Article Printer Friendly Printer Friendly 

The Dove and the Crow:
An Ornithological Christology in
Judeo-Christian and Vedic Symbolism

by

Rev. Ian Herring

Source: Studies in Comparative Religion, Vol. 16, No. 3 & 4 (Summer-Autumn, 1984). © World Wisdom, Inc.
www.studiesincomparativereligion.com


There is a striking and beautiful image of two birds, perched on a single tree, illustrating the nature of man, in the Hindu text, Mundaka Upanishad.[1] The birds are said to be “close companions”; one of them eats of the fruits of the tree and the other looks on without eating.

To unlock this symbolism, we need to invoke the symbolic identity of the bird and the serpent. Both represent angels, the bird in their celestial aspect, and the serpent in their luciferian aspect. Both glide, rather than walk, and therefore suggest non-spatial or spiritual movement. Jesus combined both symbols when He urged the disciples to be “as wise as serpents and as harmless as doves.” The tree, on the other hand, is macrocosmically the Universe, and microcosmically man himself.[2] When the tree is considered as the Axle Tree in the center of the earth, or in the Garden of Eden, we have here a picture of Lucifer hanging from the limbs of the Tree of Eden, eating the forbidden fruit. The first bird, therefore, represents fallen man, or in Pauline terms, the Old Adam, subject to death. Vedantine commentators make the same point; Swami Prabhavananda translates it thus: the first bird “tastes of the sweet and bitter fruits of the tree,”[3] referring to the duality of earthly destiny, such as pleasure and pain and, in biblical terms, the knowledge of good and evil. In Vedantine terms, the first bird is jivātman, the individual self which is subject to the illusions of Māyā. The second bird is the transcendent Self, in Vedantine terms Purusha or Ātman, and in Pauline terms, the New Adam.[4] He is not subject to passions or appetites; He neither consumes, nor is He consumed:[5] He observes. He is, in fact, the uncreated and divine Center of Identity in man. He is calm, liberated and at rest.

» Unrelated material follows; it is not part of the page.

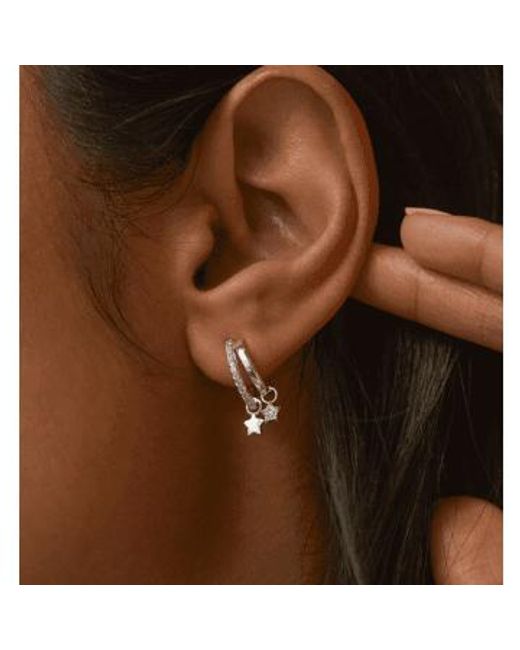 Estella Bartlett Metallic Duo Pave Star Hoop Earrings Silver / Cubic Zirconia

It must not be imagined that the two selves are absolutely dualistic: the second is the principle of the first, which is absolutely dependent upon the Ātman, and is its expression on a lower level. Hence both selves are symbolized by a bird. Moreover the two selves command different ranges of experience, for when the consciousness is attuned to the finite jivātman, it loses the apprehension of the Ātman: but when it merges into the Ātman, its true source and destination, its infinity comprehends and includes the jivātman.

In Christian iconography, the two birds are the crow and the dove. The crow is the symbol of the devil”[6] who is the liar,[7] the ego-God,[8] the lower nature, he who “lives by bread alone,”[9] and eats and drinks of this world. The dove is the symbol of the Holy Spirit,[10] and therefore of the indwelling Lord,[11] or higher Self. In the early Christian doctrine of man, the two selves are the psyche, which must be denied,[12] and the Spirit,[13] which is the God-Self.[14] In several of the lives of the saints, the Spirit is said to have left the body at death in the form of a dove.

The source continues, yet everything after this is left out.